The plot above shows the the event study for both dosage types, and we can extract the \(ATT^{es}_{d_1,d_2}(e)\) from the summary()
table.
For the low dose group (\(d_1\)), the immediate effect is ~64.47 in \(t=4\), and rises slightly in periods \(t=5\) and \(t=6\) to settle around ~69. For the high dose group (\(d_2\)) the immediate effect is ~124.77 in \(t=4\) and it also rises slightly over time, setting around ~130 in \(t=5\) and \(t=6\).

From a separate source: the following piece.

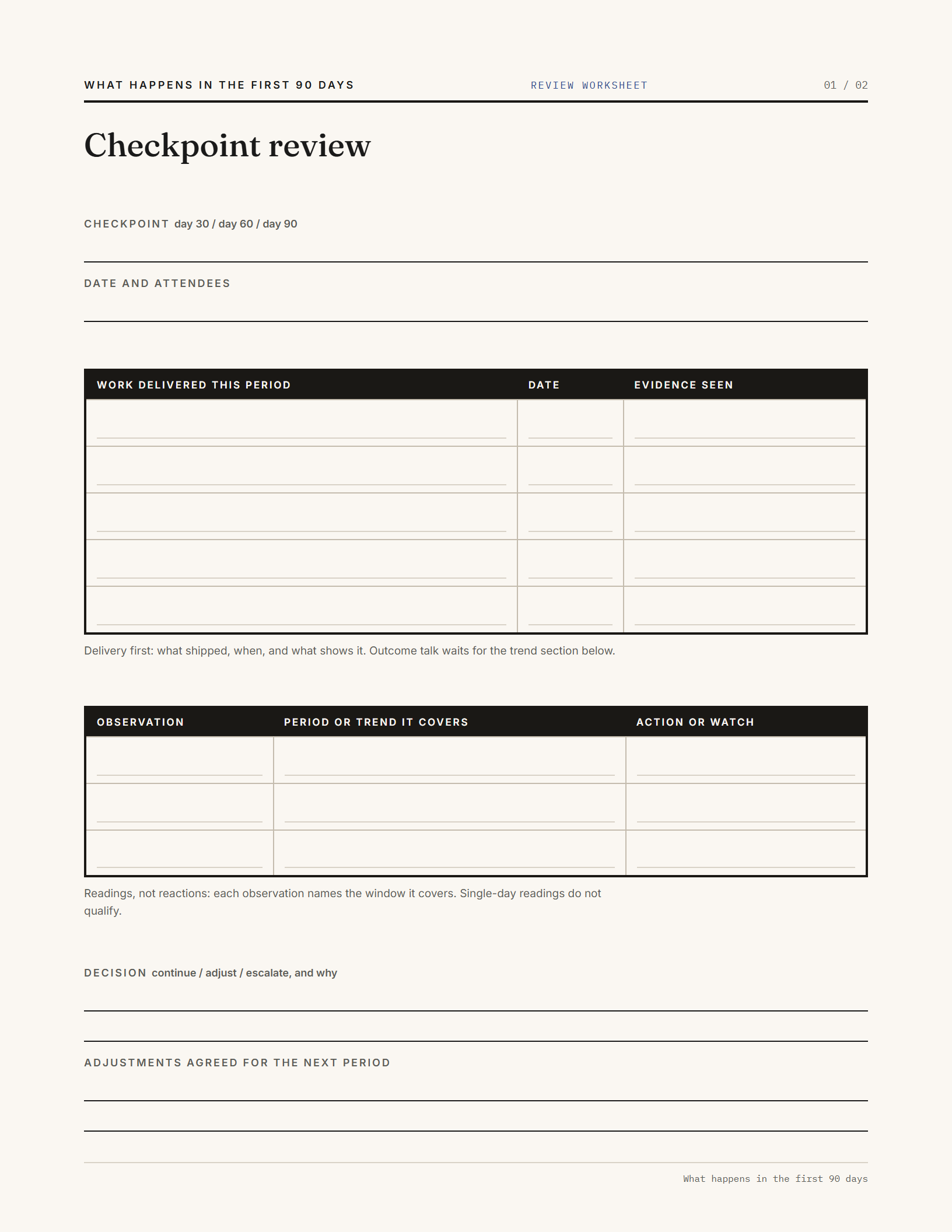 What happens in the first 90 days: the review worksheet, a fillable working page from the finished document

In the context of the effect of taking Advil it might be a little hard to intuitively interpret coefficents like this (what does it mean to have a 124 unit change in headaches?), but the specifics aren’t important (maybe we’re measuring how much Advil is processed by your liver, whatever, it’s fake data!). What is important is the technique for aggregating continuous treatment effects in order to make them interpretable.
Note, in this case we chose to aggregate over different dose types, however if we had differing event times, we could aggregate over them too. The choice of what to aggregate over will depend on the research question.